◆ **What you will do**:
Could you print all of the data below again, exactly?

___

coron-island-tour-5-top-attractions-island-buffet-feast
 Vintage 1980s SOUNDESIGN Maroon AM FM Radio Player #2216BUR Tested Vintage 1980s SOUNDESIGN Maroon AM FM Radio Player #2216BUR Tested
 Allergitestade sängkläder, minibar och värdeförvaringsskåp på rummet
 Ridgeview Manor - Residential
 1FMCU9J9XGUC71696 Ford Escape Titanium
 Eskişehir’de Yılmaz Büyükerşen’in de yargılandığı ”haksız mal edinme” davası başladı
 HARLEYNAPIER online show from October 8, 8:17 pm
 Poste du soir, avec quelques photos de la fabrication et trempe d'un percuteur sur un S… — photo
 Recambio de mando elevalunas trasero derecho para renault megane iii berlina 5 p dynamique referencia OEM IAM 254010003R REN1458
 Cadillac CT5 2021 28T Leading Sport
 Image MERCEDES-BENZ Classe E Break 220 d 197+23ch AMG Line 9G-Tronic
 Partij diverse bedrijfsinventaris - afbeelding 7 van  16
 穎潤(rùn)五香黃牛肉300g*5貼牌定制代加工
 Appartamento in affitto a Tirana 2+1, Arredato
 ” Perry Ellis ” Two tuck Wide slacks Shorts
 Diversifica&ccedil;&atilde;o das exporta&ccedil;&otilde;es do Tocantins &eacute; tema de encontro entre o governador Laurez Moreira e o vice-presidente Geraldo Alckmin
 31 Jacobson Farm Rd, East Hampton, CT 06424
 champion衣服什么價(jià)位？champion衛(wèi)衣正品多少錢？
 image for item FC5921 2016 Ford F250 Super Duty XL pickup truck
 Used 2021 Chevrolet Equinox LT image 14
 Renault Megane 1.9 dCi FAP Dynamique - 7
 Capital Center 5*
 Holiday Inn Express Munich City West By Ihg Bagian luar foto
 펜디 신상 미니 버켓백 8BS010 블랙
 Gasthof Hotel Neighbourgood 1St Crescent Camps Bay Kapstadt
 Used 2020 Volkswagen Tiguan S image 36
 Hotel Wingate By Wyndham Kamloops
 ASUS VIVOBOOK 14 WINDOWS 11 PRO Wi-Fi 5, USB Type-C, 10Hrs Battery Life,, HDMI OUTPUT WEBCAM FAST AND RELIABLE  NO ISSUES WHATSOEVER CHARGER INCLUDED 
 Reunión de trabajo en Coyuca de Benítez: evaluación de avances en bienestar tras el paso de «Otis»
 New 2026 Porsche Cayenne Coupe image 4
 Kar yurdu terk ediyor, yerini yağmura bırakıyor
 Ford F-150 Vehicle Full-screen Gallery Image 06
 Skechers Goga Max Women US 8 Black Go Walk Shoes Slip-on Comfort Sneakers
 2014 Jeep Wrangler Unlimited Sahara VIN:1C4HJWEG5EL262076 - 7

___

◆ **Result of the task**:
coron-island-tour-5-top-attractions-island-buffet-feast
 Vintage 1980s SOUNDESIGN Maroon AM FM Radio Player #2216BUR Tested Vintage 1980s SOUNDESIGN Maroon AM FM Radio Player #2216BUR Tested
 Allergitestade sängkläder, minibar och värdeförvaringsskåp på rummet
 Ridgeview Manor - Residential
 1FMCU9J9XGUC71696 Ford Escape Titanium
 Eskişehir’de Yılmaz Büyükerşen’in de yargılandığı ”haksız mal edinme” davası başladı
 HARLEYNAPIER online show from October 8, 8:17 pm
 Poste du soir, avec quelques photos de la fabrication et trempe d'un percuteur sur un S… — photo
 Recambio de mando elevalunas trasero derecho para renault megane iii berlina 5 p dynamique referencia OEM IAM 254010003R REN1458
 Cadillac CT5 2021 28T Leading Sport
 Image MERCEDES-BENZ Classe E Break 220 d 197+23ch AMG Line 9G-Tronic
 Partij diverse bedrijfsinventaris - afbeelding 7 van  16
 穎潤(rùn)五香黃牛肉300g*5貼牌定制代加工
 Appartamento in affitto a Tirana 2+1, Arredato
 ” Perry Ellis ” Two tuck Wide slacks Shorts
 Diversifica&ccedil;&atilde;o das exporta&ccedil;&otilde;es do Tocantins &eacute; tema de encontro entre o governador Laurez Moreira e o vice-presidente Geraldo Alckmin
 31 Jacobson Farm Rd, East Hampton, CT 06424
 champion衣服什么價(jià)位？champion衛(wèi)衣正品多少錢？
 image for item FC5921 2016 Ford F250 Super Duty XL pickup truck
 Used 2021 Chevrolet Equinox LT image 14
 Renault Megane 1.9 dCi FAP Dynamique - 7
 Capital Center 5*
 Holiday Inn Express Munich City West By Ihg Bagian luar foto
 펜디 신상 미니 버켓백 8BS010 블랙
 Gasthof Hotel Neighbourgood 1St Crescent Camps Bay Kapstadt
 Used 2020 Volkswagen Tiguan S image 36
 Hotel Wingate By Wyndham Kamloops
 ASUS VIVOBOOK 14 WINDOWS 11 PRO Wi-Fi 5, USB Type-C, 10Hrs Battery Life,, HDMI OUTPUT WEBCAM FAST AND RELIABLE  NO ISSUES WHATSOEVER CHARGER INCLUDED 
 Reunión de trabajo en Coyuca de Benítez: evaluación de avances en bienestar tras el paso de «Otis»
 New 2026 Porsche Cayenne Coupe image 4
 Kar yurdu terk ediyor, yerini yağmura bırakıyor
 Ford F-150 Vehicle Full-screen Gallery Image 06
 Skechers Goga Max Women US 8 Black Go Walk Shoes Slip-on Comfort Sneakers
 2014 Jeep Wrangler Unlimited Sahara VIN:1C4HJWEG5EL262076 - 7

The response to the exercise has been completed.